─── Material provided
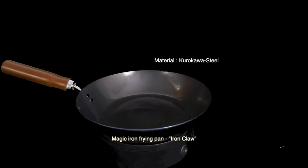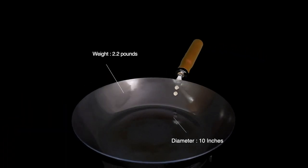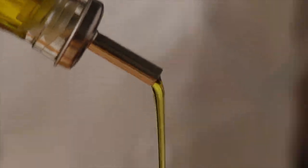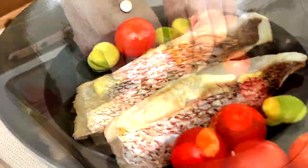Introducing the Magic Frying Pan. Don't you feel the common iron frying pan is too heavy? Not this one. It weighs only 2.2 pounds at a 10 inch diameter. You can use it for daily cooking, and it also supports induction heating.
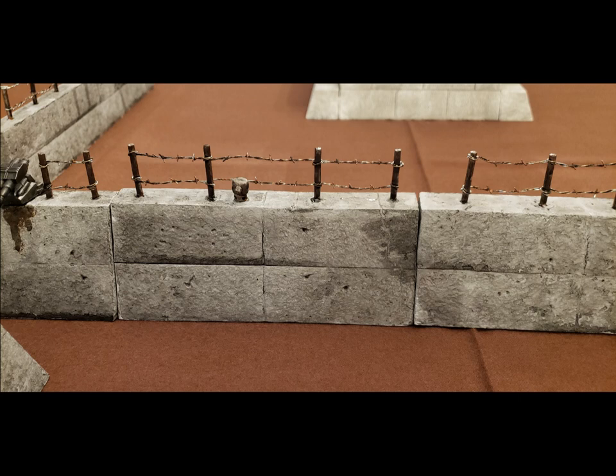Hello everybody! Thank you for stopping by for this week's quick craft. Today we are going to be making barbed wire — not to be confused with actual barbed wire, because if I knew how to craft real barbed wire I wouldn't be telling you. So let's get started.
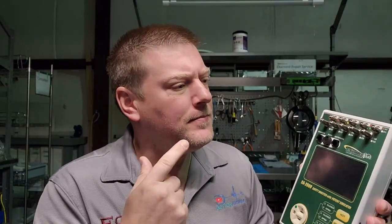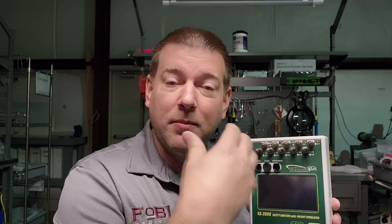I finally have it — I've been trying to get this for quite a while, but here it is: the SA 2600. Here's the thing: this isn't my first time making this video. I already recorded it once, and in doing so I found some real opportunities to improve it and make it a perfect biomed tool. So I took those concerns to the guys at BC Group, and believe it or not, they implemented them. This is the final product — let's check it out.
──────
What the task requires: The reply should contain all of the data above, word for word, with no pictures.

Task output:
Introducing the Magic Frying Pan. Don't you feel the common iron frying pan is too heavy? Not this one. It weighs only 2.2 pounds at a 10 inch diameter. You can use it for daily cooking, and it also supports induction heating.
Hello everybody! Thank you for stopping by for this week's quick craft. Today we are going to be making barbed wire — not to be confused with actual barbed wire, because if I knew how to craft real barbed wire I wouldn't be telling you. So let's get started.
I finally have it — I've been trying to get this for quite a while, but here it is: the SA 2600. Here's the thing: this isn't my first time making this video. I already recorded it once, and in doing so I found some real opportunities to improve it and make it a perfect biomed tool. So I took those concerns to the guys at BC Group, and believe it or not, they implemented them. This is the final product — let's check it out.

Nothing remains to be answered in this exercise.